Question about motors and external power supply (quadcopter whooosh)

Hey guys ! Recently I got my Arduino Uno and played with it for a while :) Now I'm trying to make something a bit more complicated, but I came across a problem ...

Basically, I want to control 4 motors with propellers on a single Arduino, control each motor's speed independantly (making some basic quad copter project). So if I understood correctly (correct me if I'm wrong), if I want to control speed of a single motor, I would just put one wire to one of the pins, other one in ground and give it a "juice" with analogWrite 0-255 (0 - off, 255 - fastest) ?

In few days I'm getting several 3 volt motors (which are probably too weak for this project, but still I'll give it a try before I buy some more expensive motors), and I'm 100% sure I can't just shove them into my Arduino since it can support only up to 5 volts, so it wont be enough to power up four 3 volt motors ?
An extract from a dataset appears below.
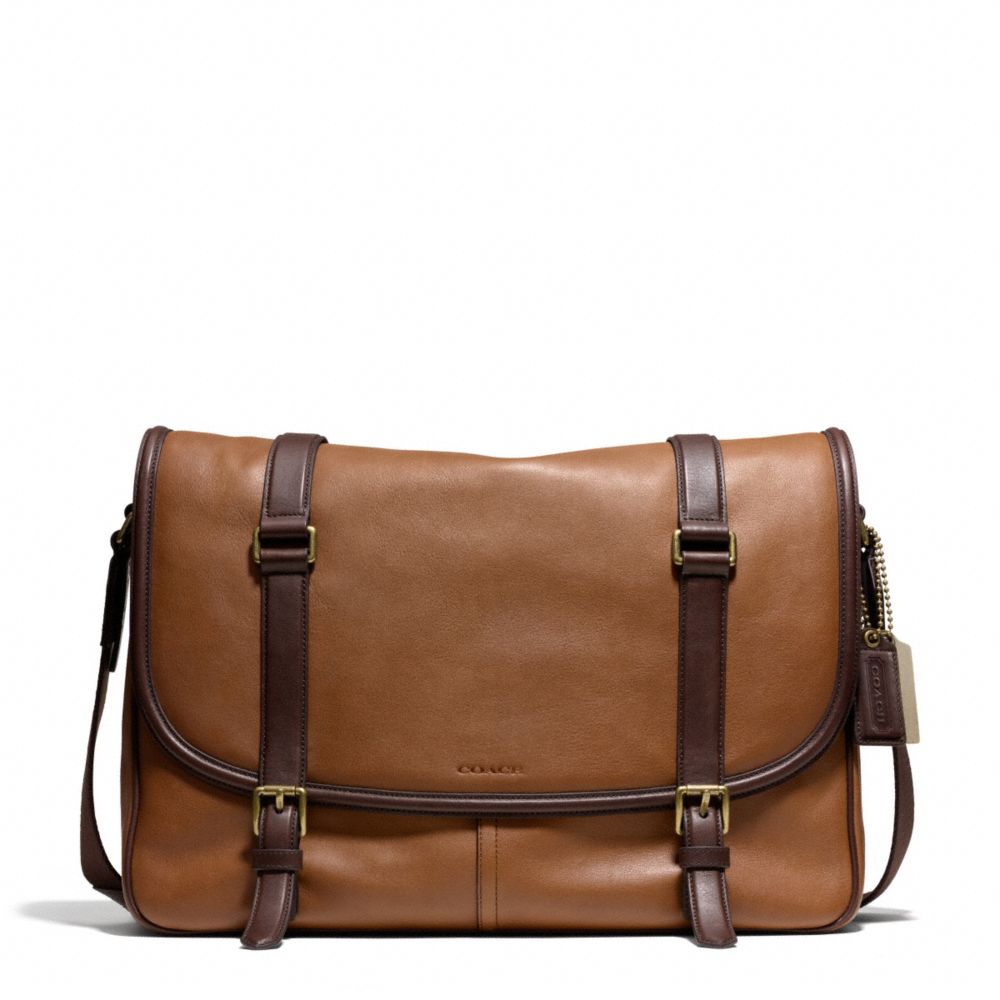 BLEECKER HARNESS LEATHER COURIER BAG - f70960 - BRASS/DOE/MAHOGANY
So my question is this: -is it possible to plug the motors into external power supply, and control their speeds with Arduino somehow ? -how ? :)

Thanks !

The current the Uno can source is more the issue, not the voltage per se.

From memory they can only source 40ma from an output pin? You definitely need to provide some form of motor driver for it. Beyond that I can't help - no experience yet!

Good luck!

Thats what I thought, I just wasn't sure :) Is that motor driver something like this:

It sais it can control 2 stepper motors, or 4 dc motors, but how does that work ? I can attach external power supply to it, and just control their speeds by sending some voltage to it using arduino or ?

For the kind of motors on a quadcopter you'll be using the Servo library, and driving the brushless motor with a suitable ESC from a LiPo battery.

So I need Motor Shield ? The one I can buy fast is Motor Drive Shield L293D, will that be enough for me ? So I can use that motor shield to control speeds of 4 motors independently, and having 4 of them attached to external power supply ?

or can we use a power supply rigged through a couple of transistors for the motor and give inputs from the arduino to the transistors so as to have the transistors act as switches??? crap sorry... just realised we needed servo control...

If you want it to fly, tiny hobby-grade DC motors have insufficient power. They need to be 3-phase BLDC motors, and the easiest way to control those is with an off-the-shelf ESC (electronic speed controller). The BLDC input is just a servo signal, and those are really easy to generate from an arduino.

So: buy 4 BLDC motors and 4 ESCs, control them all using the Servo library. And then the hard part (the control loop) begins...

turshija:
Basically, I want to control 4 motors with propellers on a single Arduino, control each motor’s speed independantly (making some basic quad copter project).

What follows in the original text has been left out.